> [Assigned task]: Repeat exactly the lines of the material below that run from the "Monstera Deliciosa 'Masterpiece' (wk19-UL)" line to the "Cricket player silhouette" line, including both, and do not carry over any pictures.

---- Dataset extract

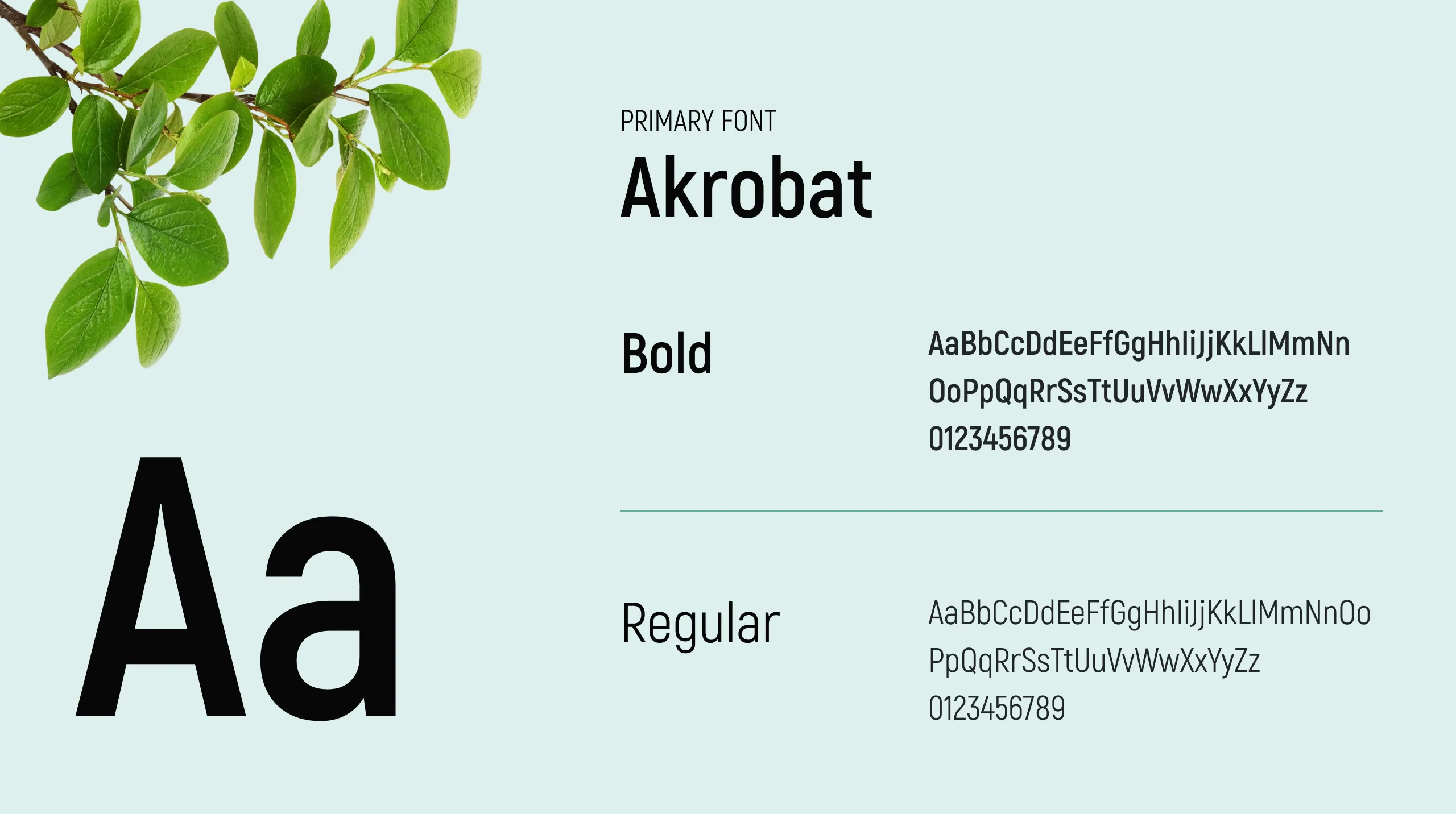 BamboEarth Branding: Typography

--------
---- Dataset extract

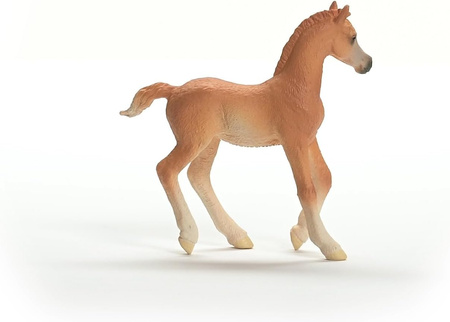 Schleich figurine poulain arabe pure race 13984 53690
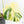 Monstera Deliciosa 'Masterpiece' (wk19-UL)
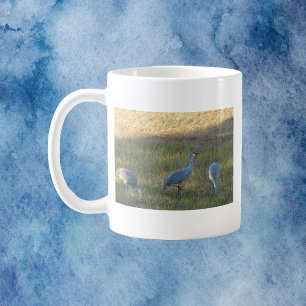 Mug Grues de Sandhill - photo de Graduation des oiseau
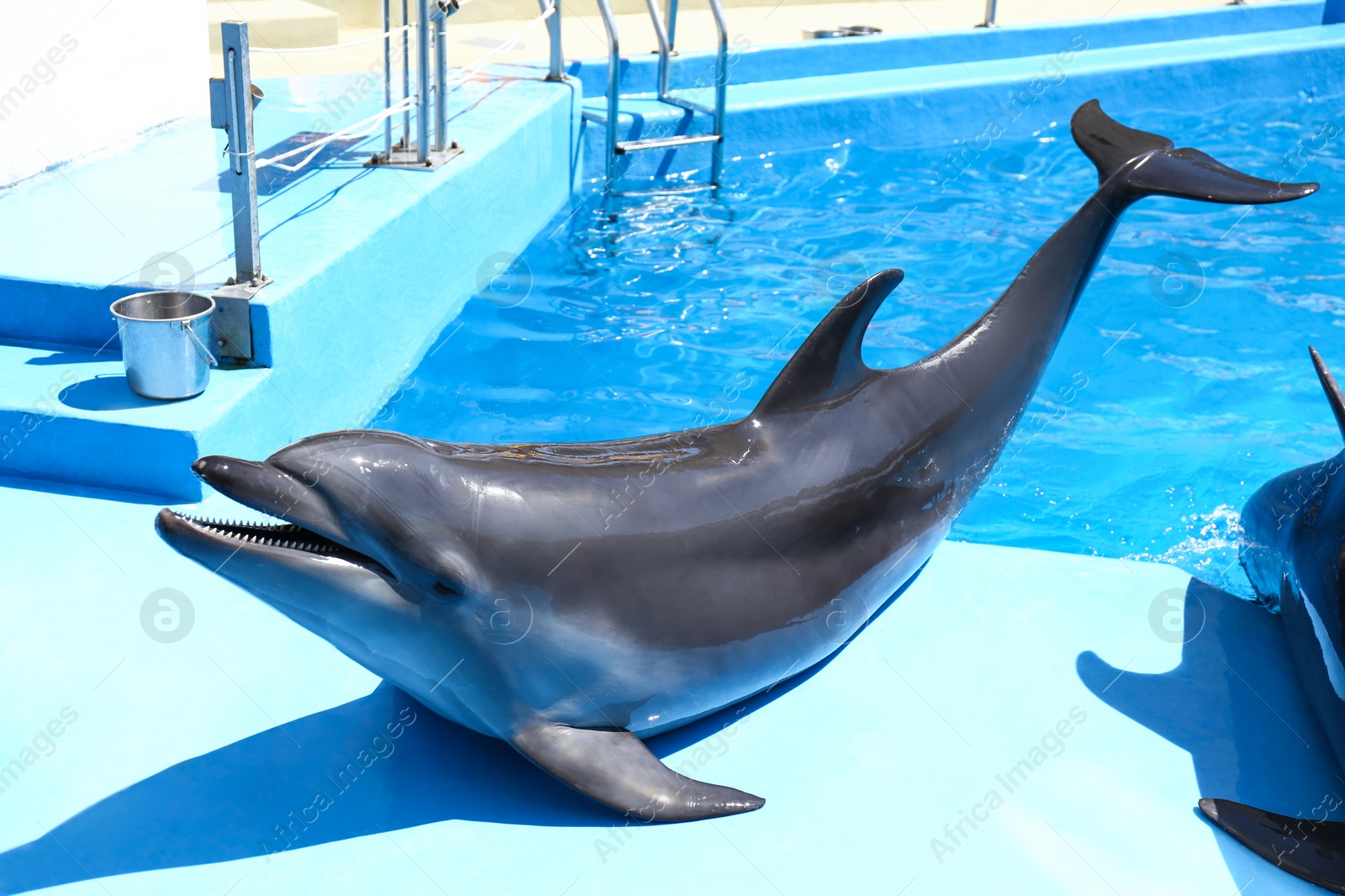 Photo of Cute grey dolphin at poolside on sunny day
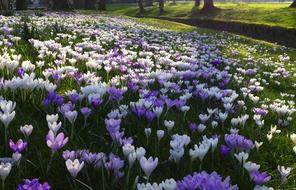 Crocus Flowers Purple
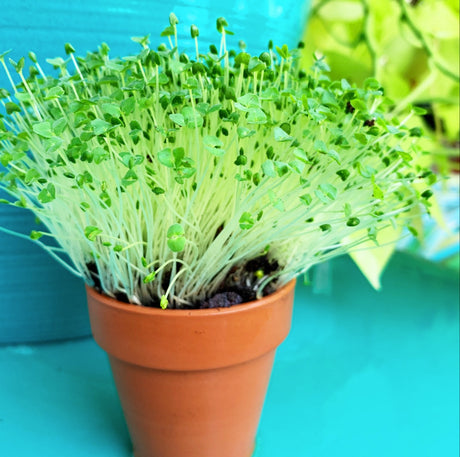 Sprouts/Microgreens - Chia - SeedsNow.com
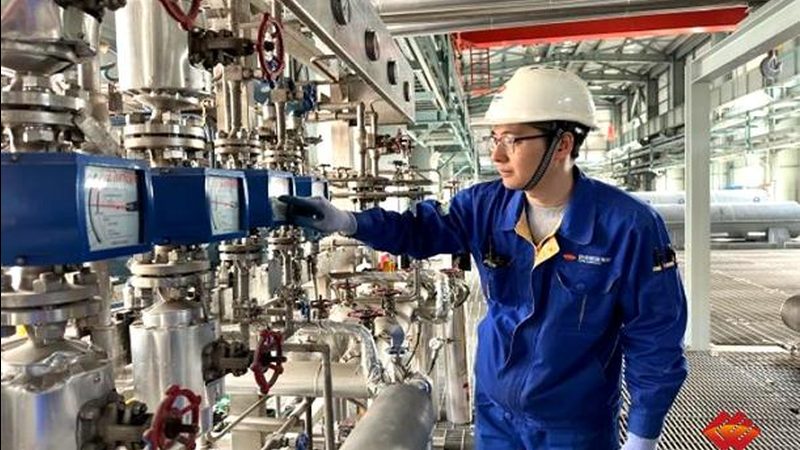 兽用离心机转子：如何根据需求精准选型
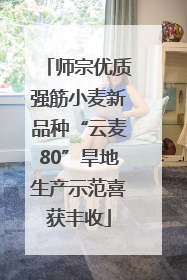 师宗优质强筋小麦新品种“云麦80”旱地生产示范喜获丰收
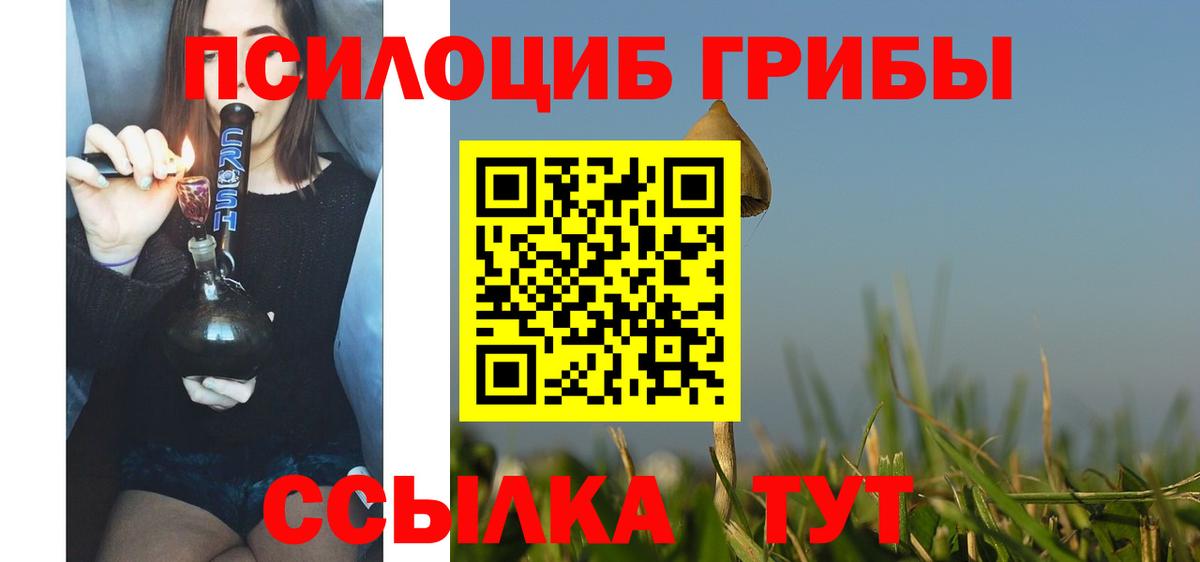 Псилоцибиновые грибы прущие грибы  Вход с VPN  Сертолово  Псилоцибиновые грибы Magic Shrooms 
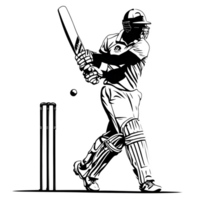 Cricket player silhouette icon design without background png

--------
---- Dataset extract

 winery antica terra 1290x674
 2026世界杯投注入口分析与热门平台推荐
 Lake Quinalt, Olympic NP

--------

> [Completed task]:
 Monstera Deliciosa 'Masterpiece' (wk19-UL)
 Mug Grues de Sandhill - photo de Graduation des oiseau
 Photo of Cute grey dolphin at poolside on sunny day
 Crocus Flowers Purple
 Sprouts/Microgreens - Chia - SeedsNow.com
 兽用离心机转子：如何根据需求精准选型
 师宗优质强筋小麦新品种“云麦80”旱地生产示范喜获丰收
 Псилоцибиновые грибы прущие грибы  Вход с VPN  Сертолово  Псилоцибиновые грибы Magic Shrooms 
 Cricket player silhouette icon design without background png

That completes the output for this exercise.